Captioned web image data
┄┄┄┄┄┄┄┄┄┄┄┄┄┄┄┄┄┄┄┄

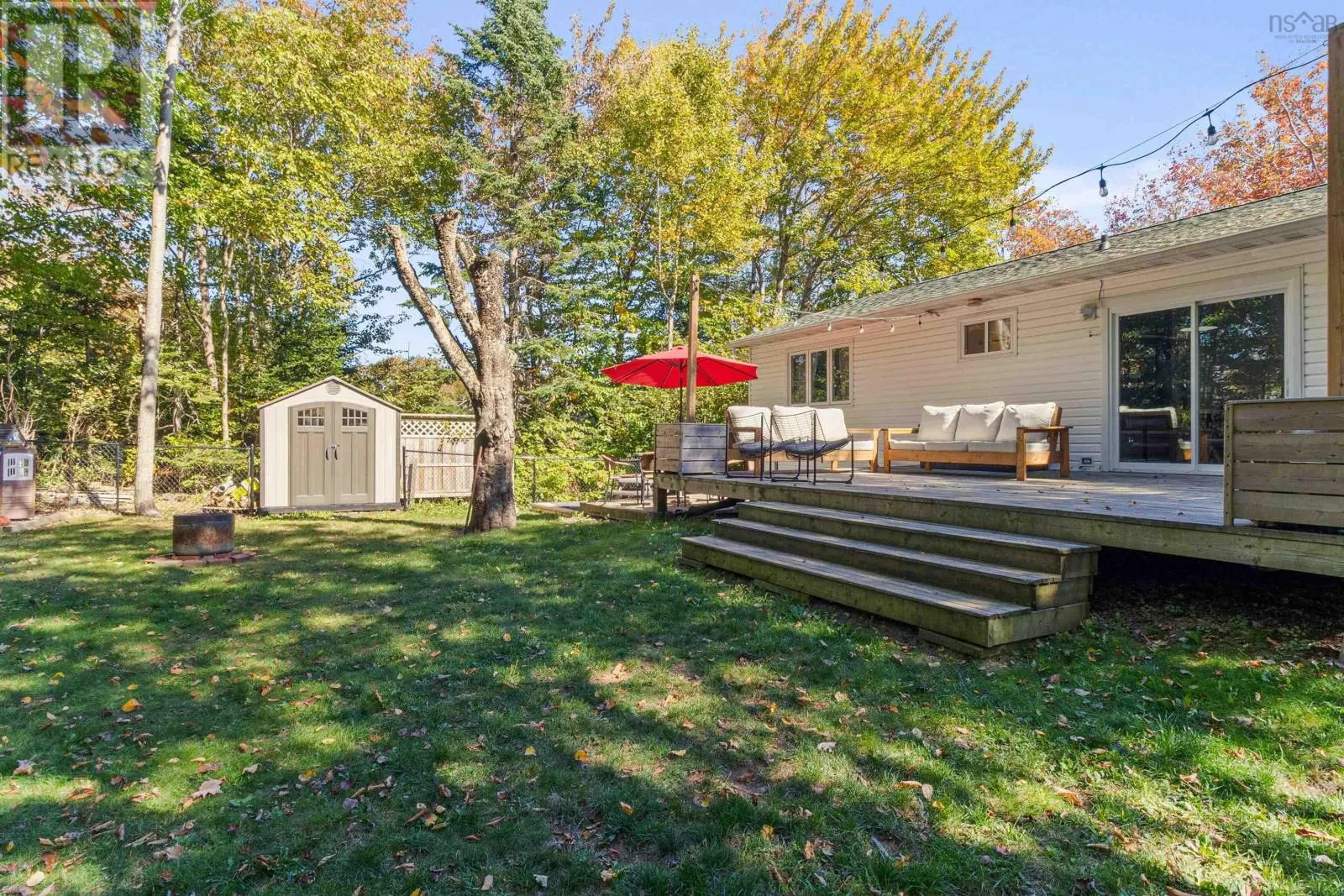 49 Pinetree Crescent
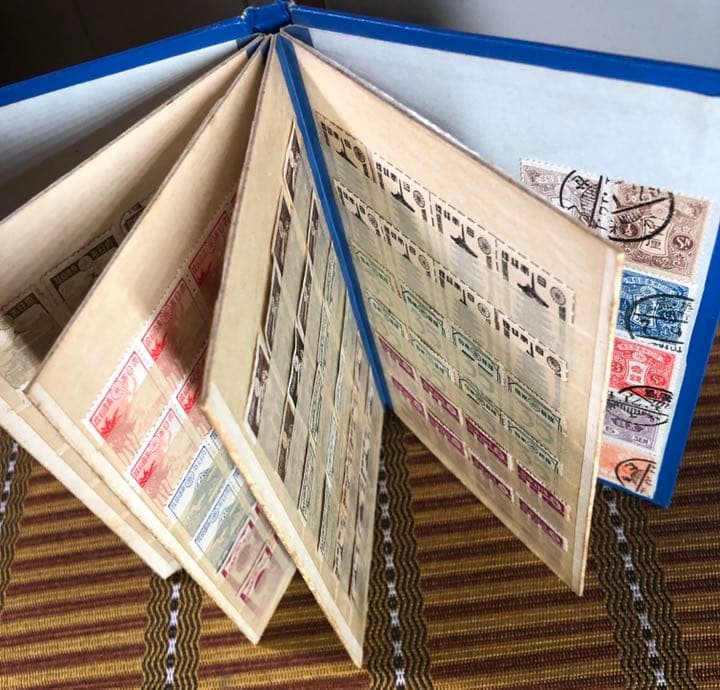 昭和12年〜25年 未使用普通切手24種8枚づつ計192枚ブック付 歴史的資料！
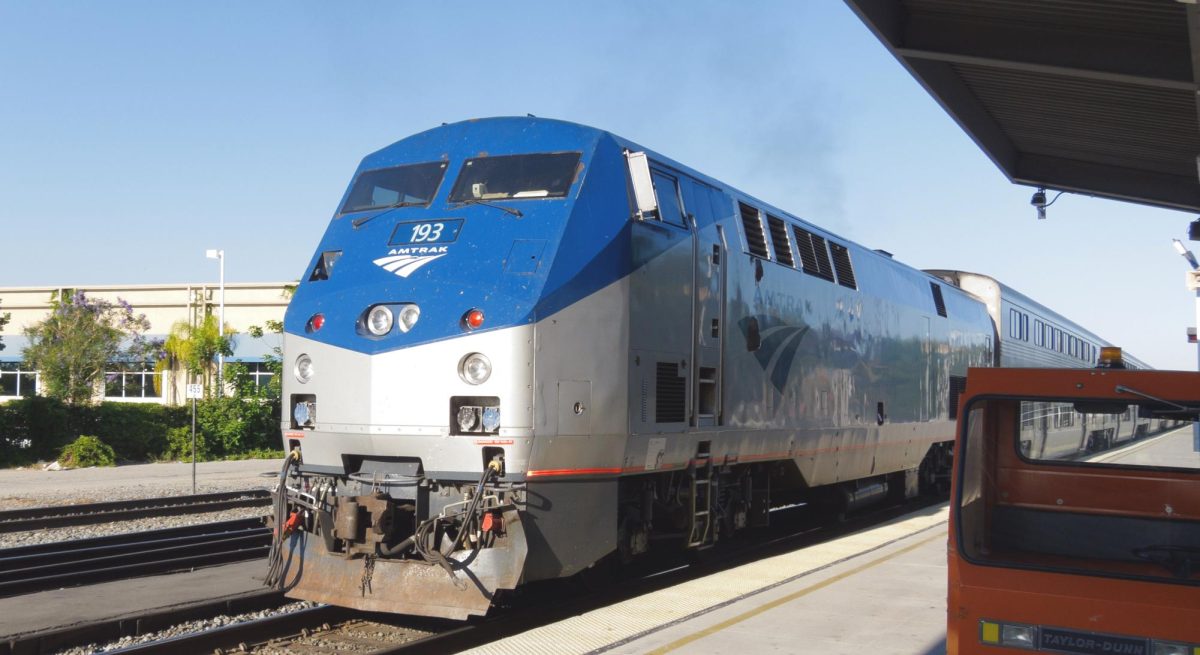 Flights and cars are pricey but are often the only options for out-of-state Drake students to travel homeward. According to this writer, there is a quick and cost effective fix to these travel problems: Amtrak. Photo courtesy of King of Hearts via Wikimedia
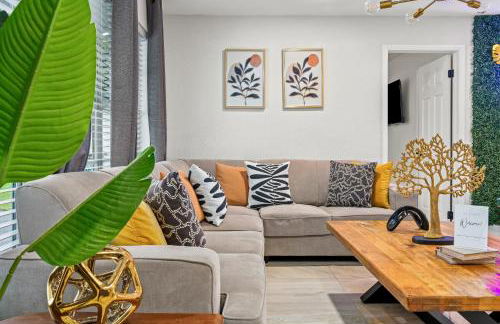 Waterfront Oasis Escape with 7 Seats Hot Tub! - Foto 16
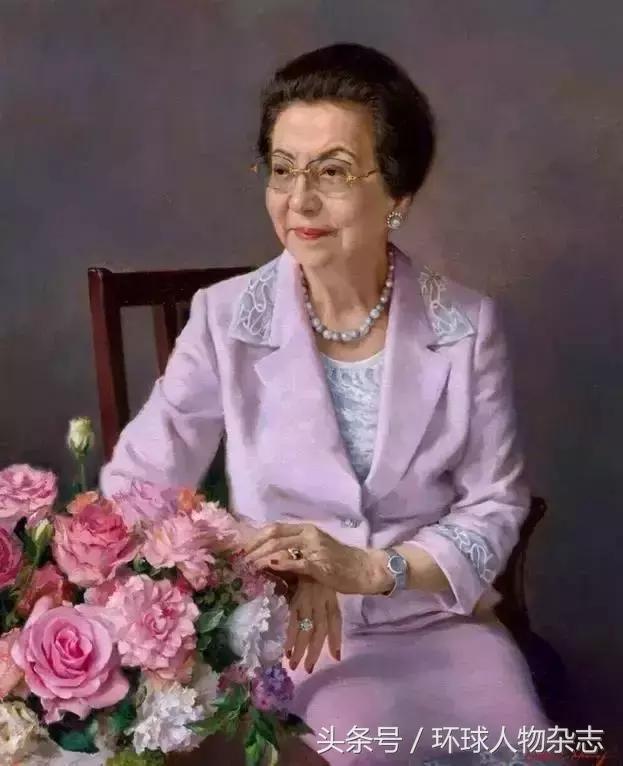 前景不利，后院失火，最近安倍过得很闹心，都是因为这两个女人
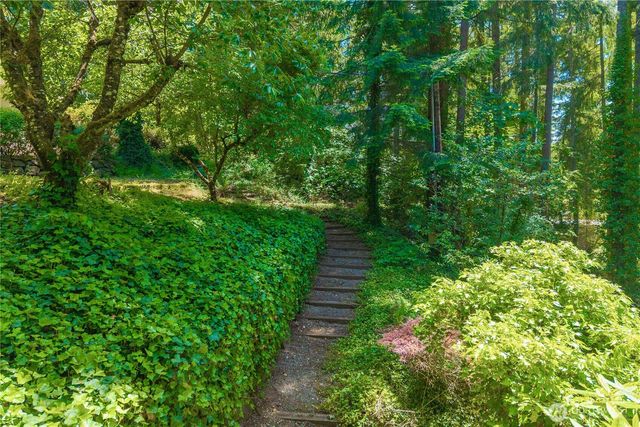 4725 Rehklau Road SE, Olympia, WA 98513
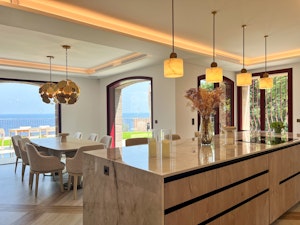 Refined Paradise Coast image 8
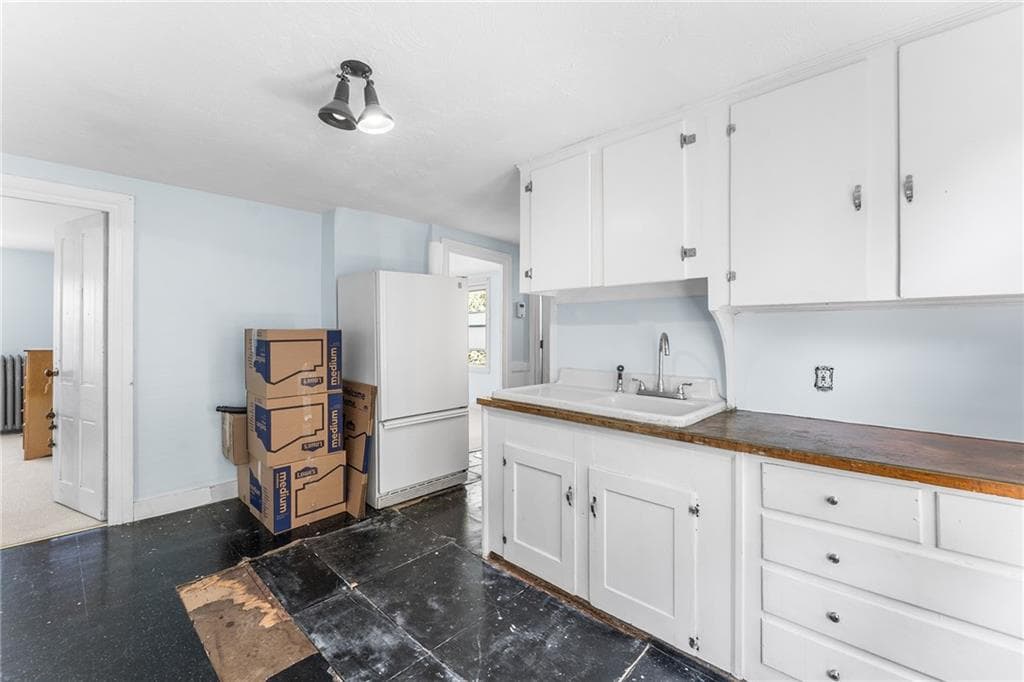 Multi Family at 90 Oak Street, Providence, photo 20 of 37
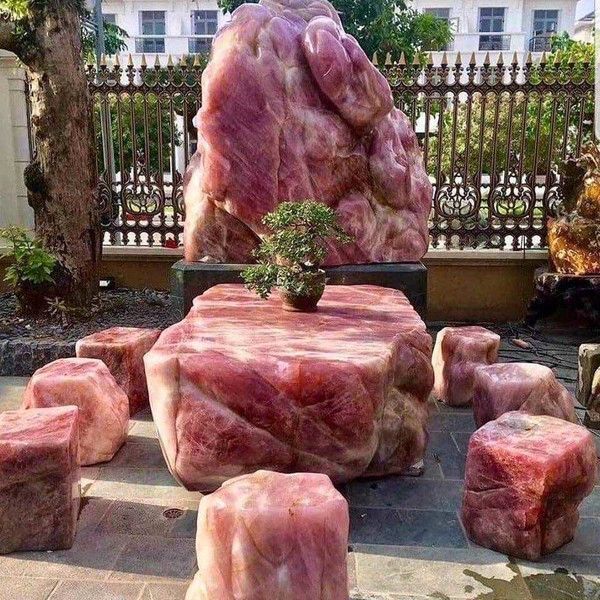 MEUBLES VAISSELLE OBJETS DE DECORATIONS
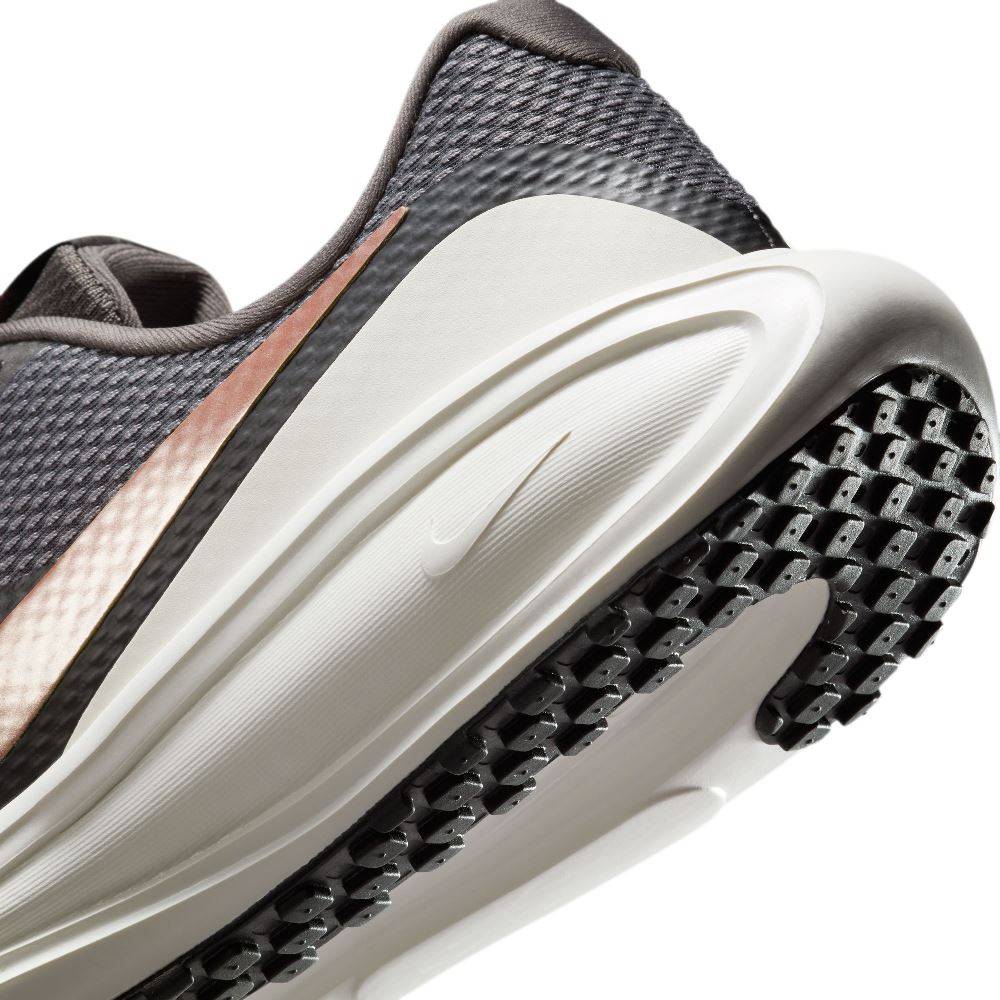 NIKE WOMENS REVOLUTION 8 RUNNING SHOES
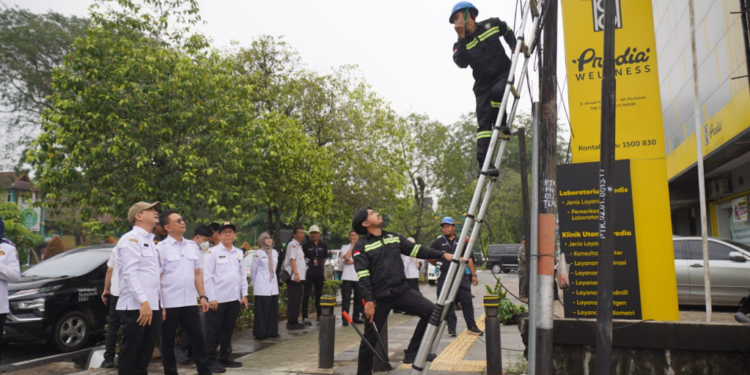 Pemkot Pontianak Tertibkan Kabel Internet Semrawut, Tujuh ISP Diduga Belum Kantongi Izin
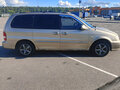 2004 Kia Carnival I Рестайлинг, бежевый, 620000 рублей - вид 3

┄┄┄┄┄┄┄┄┄┄┄┄┄┄┄┄┄┄┄┄

▶ WORK TO COMPLETE
Your reply should hold only the lines running from the one with "Pemkot Pontianak Tertibkan" to the end of the data above, set down exactly, pictures omitted.

▶ WRITTEN SOLUTION
 Pemkot Pontianak Tertibkan Kabel Internet Semrawut, Tujuh ISP Diduga Belum Kantongi Izin
 2004 Kia Carnival I Рестайлинг, бежевый, 620000 рублей - вид 3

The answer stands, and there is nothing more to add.